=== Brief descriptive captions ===

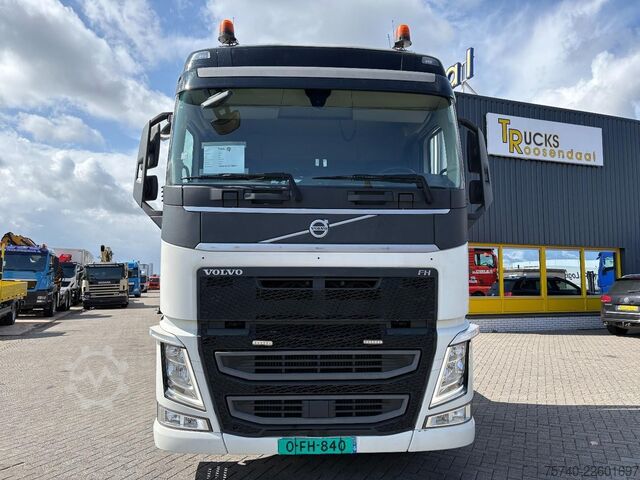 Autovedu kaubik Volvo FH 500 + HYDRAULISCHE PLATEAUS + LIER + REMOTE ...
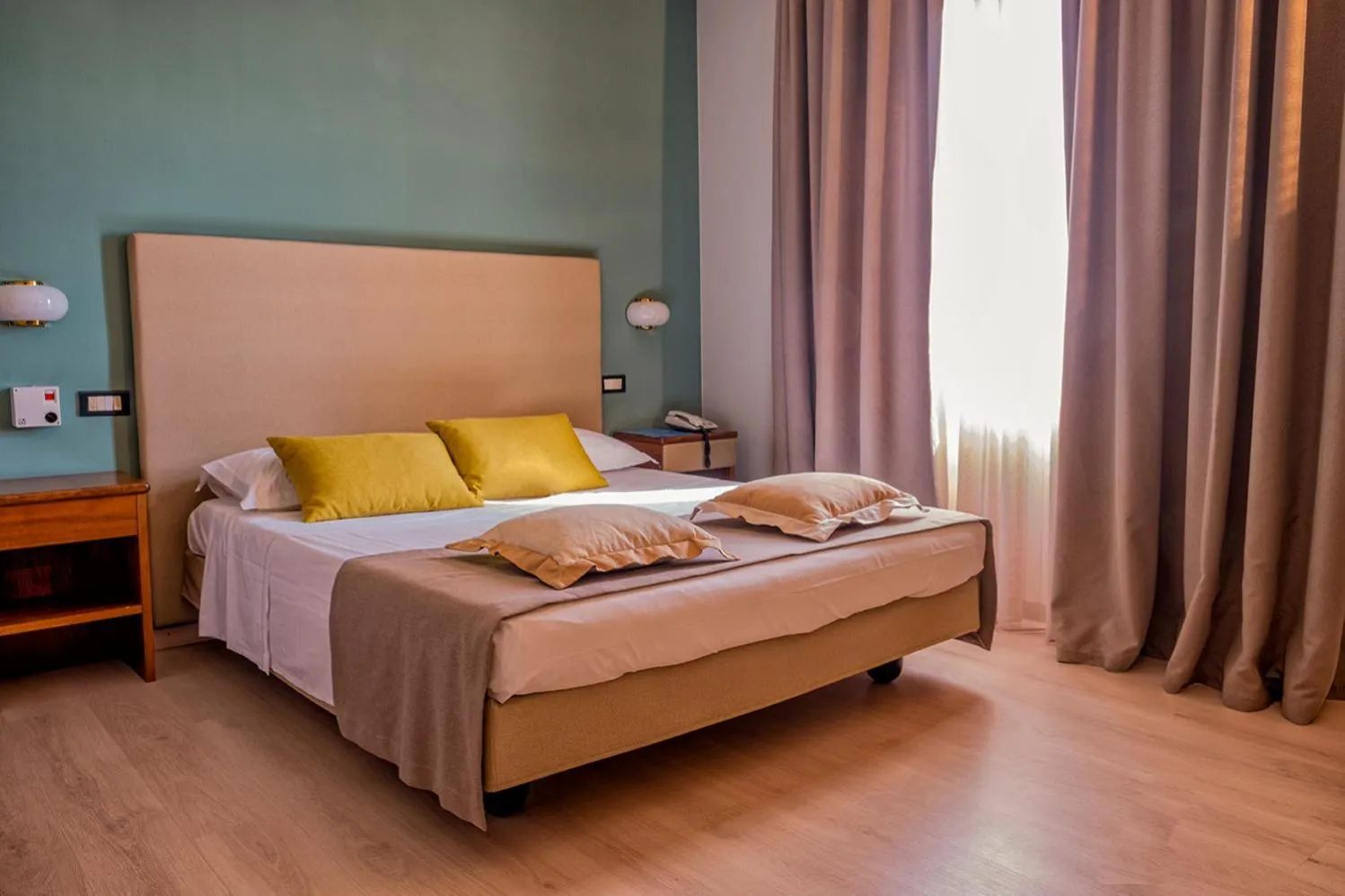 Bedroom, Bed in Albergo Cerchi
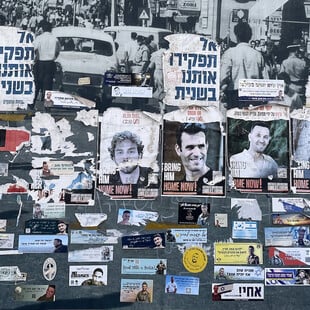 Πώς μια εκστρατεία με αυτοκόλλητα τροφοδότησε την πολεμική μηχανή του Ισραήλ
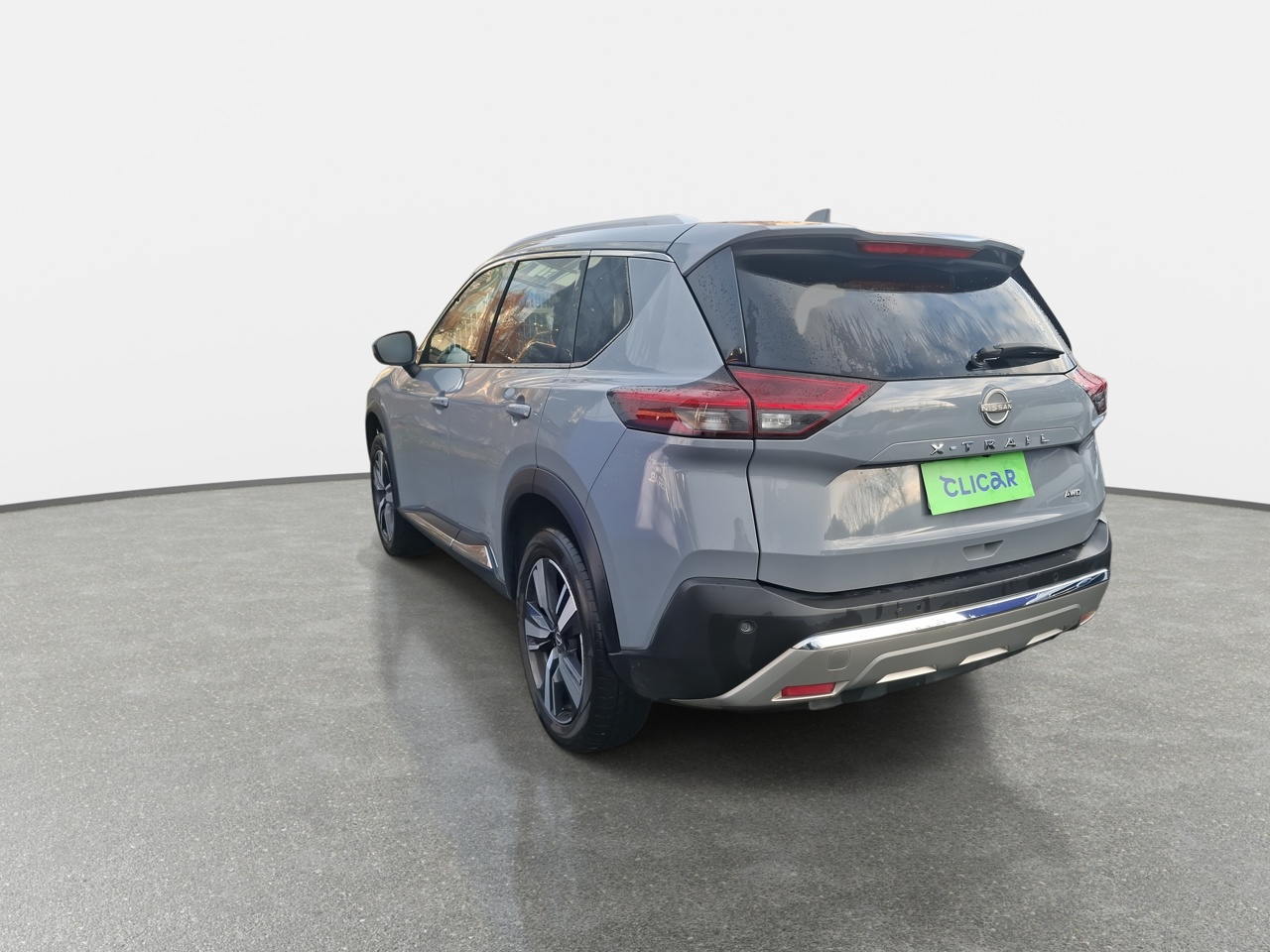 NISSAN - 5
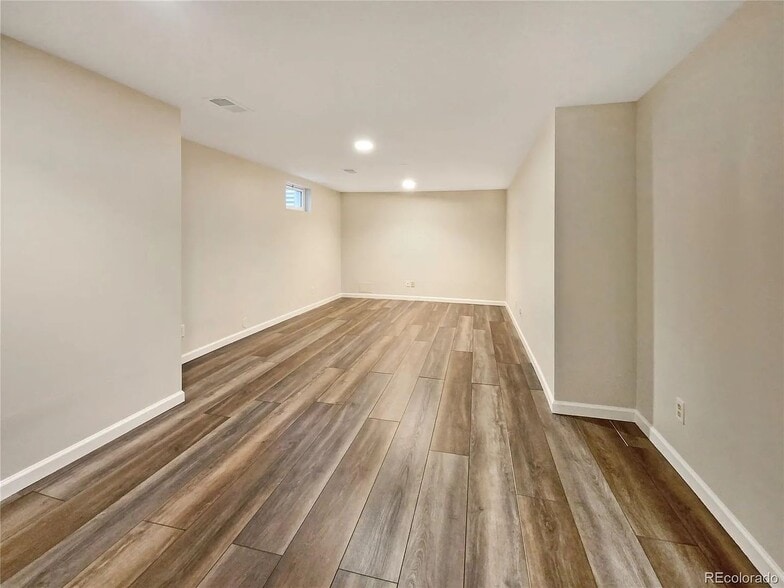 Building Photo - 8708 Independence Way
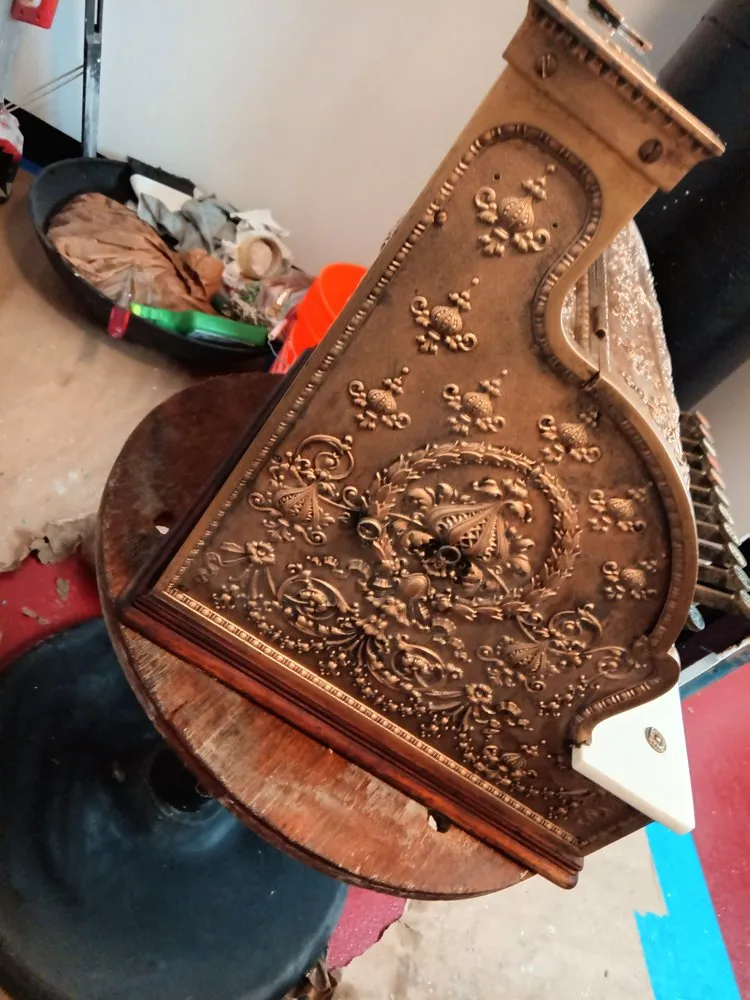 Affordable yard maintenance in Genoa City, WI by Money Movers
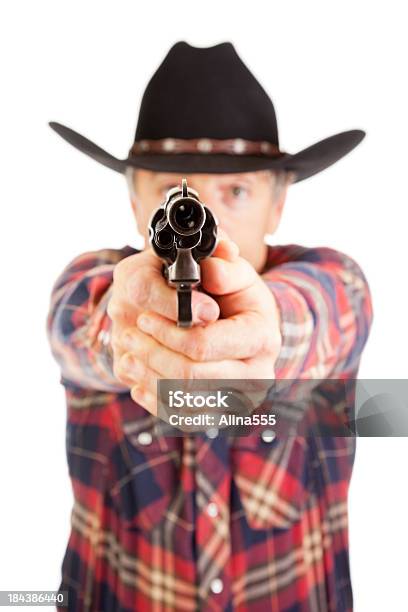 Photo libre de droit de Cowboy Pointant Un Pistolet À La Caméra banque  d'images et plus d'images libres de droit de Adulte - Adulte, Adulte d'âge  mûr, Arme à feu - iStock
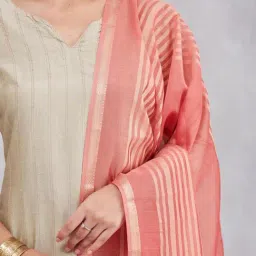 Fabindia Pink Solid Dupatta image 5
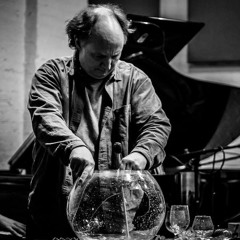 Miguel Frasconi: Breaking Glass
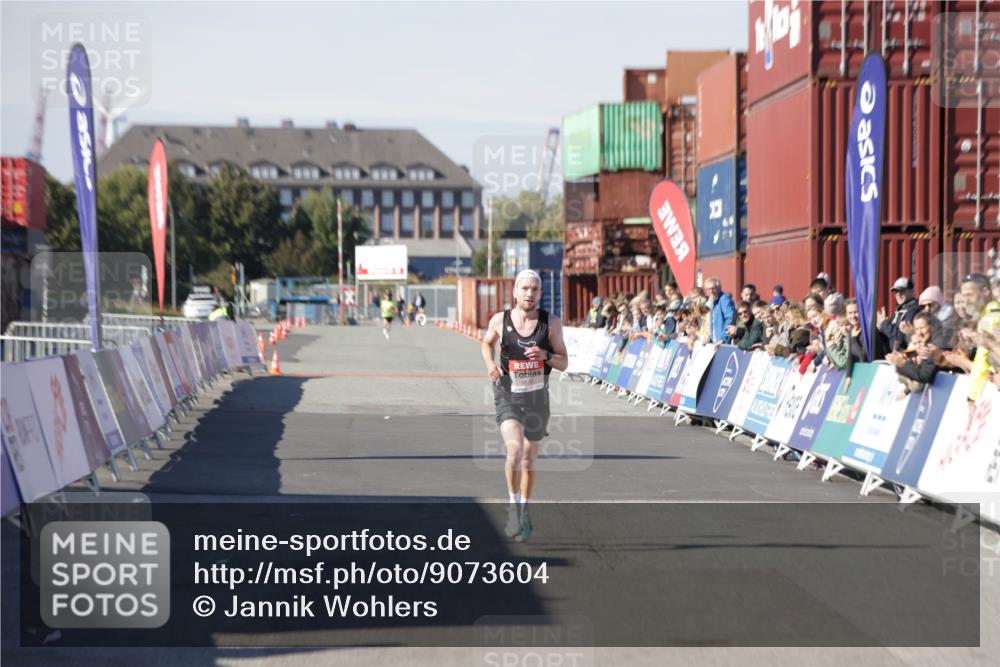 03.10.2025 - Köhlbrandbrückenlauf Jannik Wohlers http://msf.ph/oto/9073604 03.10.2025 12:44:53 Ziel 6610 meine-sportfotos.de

=== What the task asks ===
The lines wanted run from the line containing "Fabindia Pink Solid Dupatta image 5" through the end of the entries; return them exactly, both ends included, and keep pictures out.

=== Response area ===
 Fabindia Pink Solid Dupatta image 5
 Miguel Frasconi: Breaking Glass
 03.10.2025 - Köhlbrandbrückenlauf Jannik Wohlers http://msf.ph/oto/9073604 03.10.2025 12:44:53 Ziel 6610 meine-sportfotos.de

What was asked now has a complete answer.